The face is idealized, but not as those of Polykleitos' statues. Augustus's face is not smoothed and shows details to indicate the individual features of Augustus. Art underwent important changes during Augustus's reign, with the extreme realism that dominated the Republican era giving way to Greek influence, as seen in the portraits of the emperors - idealizations summarizing all the virtues that should be possessed by the exceptional man worthy of governing the Empire.  In earlier portraits, Augustus allowed himself to be portrayed in monarchical fashion, but amended these with later more diplomatic images that represented him as  "primus inter pares".  The head and neck were produced separately in Parian marble and inserted to the torso.

Breastplate relief

The statue's iconography is frequently compared to that of the carmen saeculare by Horace, and commemorates Augustus's establishment of the Pax Romana.  The breastplate is carved in relief with numerous small figures depicting the return, thanks to the diplomacy of Augustus, of the Roman legionary eagles or aquilae lost to Parthia by Mark Antony in the 40s BC and by Crassus in 53 BC.

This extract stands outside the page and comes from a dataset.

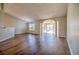 Bright living room featuring hardwood floors, neutral paint, chandelier and lots of natural light at 4524 E Walkerton Rd., Myrtle Beach, SC 29579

The figure in the centre, according to the most common interpretation, is the subjected Parthian king returning Crassus's standard to an armored Roman (possibly Tiberius, or symbolically Mars Ultor or the incarnation of the ideal legionary). Other theory sees in the male figure the ideal incarnation of the Roman legions.  This was a very popular subject in Augustan propaganda, as one of his greatest international successes, and had to be especially strongly emphasized, since Augustus had been deterred by Parthian military strength from the war which the Roman people had expected and had instead opted for diplomacy. Below the armed figure we can see a dog, or probably a wolf or, according to archaeologist Ascanio Modena Altieri, a she-wolf, nurse of Romulus and Remus. To the left and right sit mourning female figures.  A figure to one side with a sheathed sword personifies the peoples in the East (and possibly the Teutons) forced to pay tribute to Rome, and one on the other side with an unsheathed sword personifies the subjected peoples (the Celts).  From the top, clockwise, we see:
Caelus, the sky god, spreading the tent of the sky
Aurora and Luna
the personification of the subjected peoples
the goddess Diana
the earth goddess Ceres/Tellus - similarly represented on the Ara Pacis
Apollo, Augustus's patron
the personification of the tributary peoples
the sun god Sol
a Sphinx on each shoulder, representing the defeat of Cleopatra by Augustus

Interestingly, the cuirass is not solely frontal; there is a backside to the armor as well. On the bottom right side of the back of the cuirass, there is a helmeted trophy with a wing above, a carnyx on the left hip, and greaves against a tree trunk. There was an iron peg that is thought to have connected the statue to a wall. This is likely due to the back being unfinished 

None of these interpretations are undisputed.  The gods, however, probably all symbolize the continuity and logical consistency of the events - just as the sun and moon forever rise, so Roman successes are certain and divinely sanctioned.  Furthermore, these successes are connected with the wearer of this breastplate, Augustus.  The only active person is the Parthian king, implying that everything else is divinely desired and ordained.

Divine status
During his lifetime, Augustus did not wish to be depicted as a god (unlike the later emperors who embraced divinity), but this statue has many thinly-veiled references to the emperor's "divine nature", his genius.  Augustus is shown barefoot, which indicates that he is a hero and perhaps even a divus, and also adds a civilian aspect to an otherwise military portrait.  Being barefoot was only previously allowed on images of the gods, but it may also imply that the statue is a posthumous copy set up by Livia of a statue from the city of Rome in which Augustus was not barefoot.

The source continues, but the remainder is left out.